Notice I also added in some logic checking if result is null. You are using FirstOrDefault, which will cause .Table1 to throw an exception if the result is not found. I would either change the call to First() if you never expect the result to be null, or handle the null case.

Another thing you should look at is how EF is configured to match against a NULL case, that could slow down your query. Check out this post (not to link to my own post, but its relevant): EntityFramework LINQToEntities generate weird slow TSQL Where-Clause

Question 3

This should yield the correct result but I can not tell how efficient it is; you will have to profile it.

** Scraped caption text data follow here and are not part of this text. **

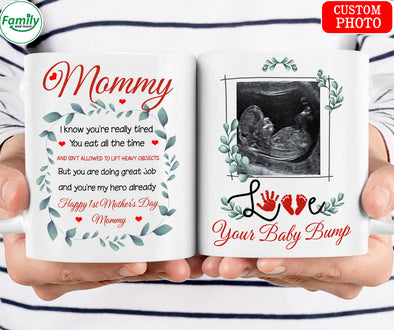 Happy 1st Mother's Day Mommy Mug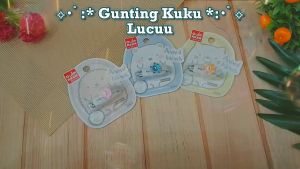 Gunting Kuku Anak Dewasa Bentuk Lucu Unik Tajam Tahan Lama Anti Karat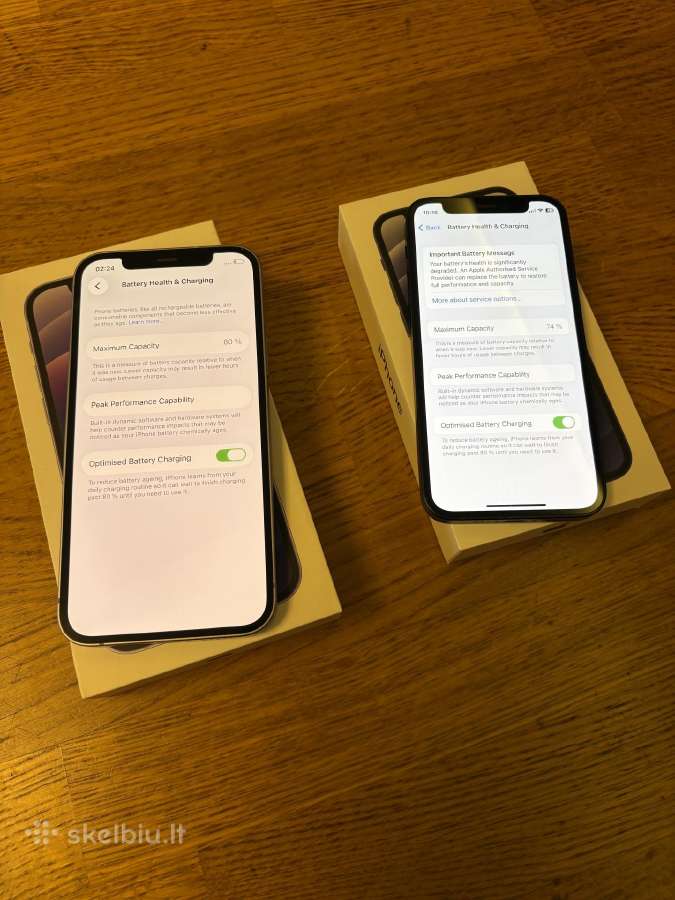 iPhone 12 + iPhone 12 Mini - nuotraukos Nr. 3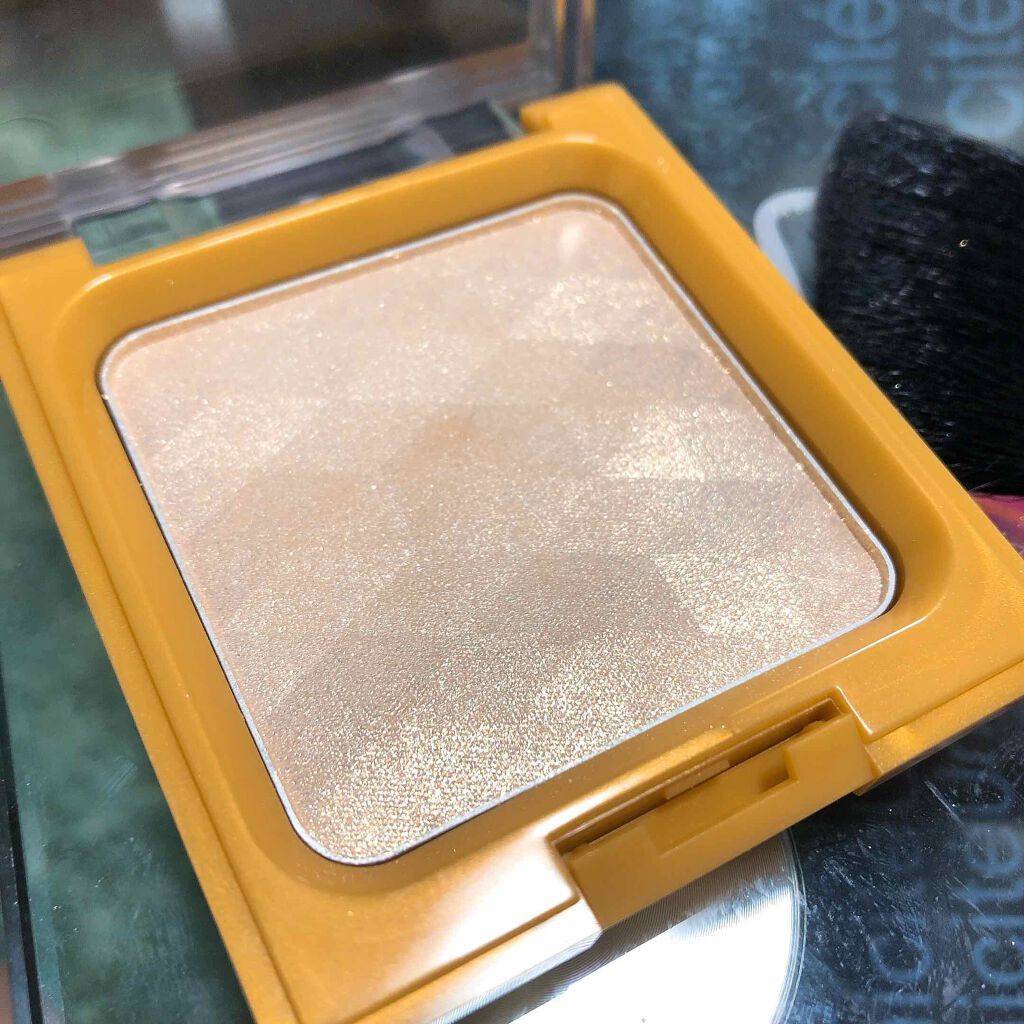 シャイニーパウダー N/excel/プレストパウダーを使ったクチコミ(1枚目)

Note that the query will really only fetch a single string from the database and not require any client side processing by the Entity Framework.

dataContext.Table2
           .Where(x => (x.Table2ID == ID) || (x.Table2ID == null))
           .OrderByDescending(x => x.Table2ID) // This will place ID before NULL.
           .Select(x => x.Table1.StringValue)
           .First()

Using LINQPad I got more or less the expected SQL statement but I did not try if the Entity Framework will produce the same query. But because this is a single query there is even a slight chance that the Entity Framework can outperform the stored procedure with its conditional second query but obviously only because of the reformulated query.

 SELECT TOP (1) [t1].[StringValue]
           FROM [Table2] AS [t2]
LEFT OUTER JOIN [Table1] AS [t1]
             ON [t1].[Table1ID] = [t2].[Table1ID]
          WHERE ([t2].[Table2ID] = @ID) OR ([t2].[Table2ID] IS NULL)
       ORDER BY [t2].[Table2ID] DESC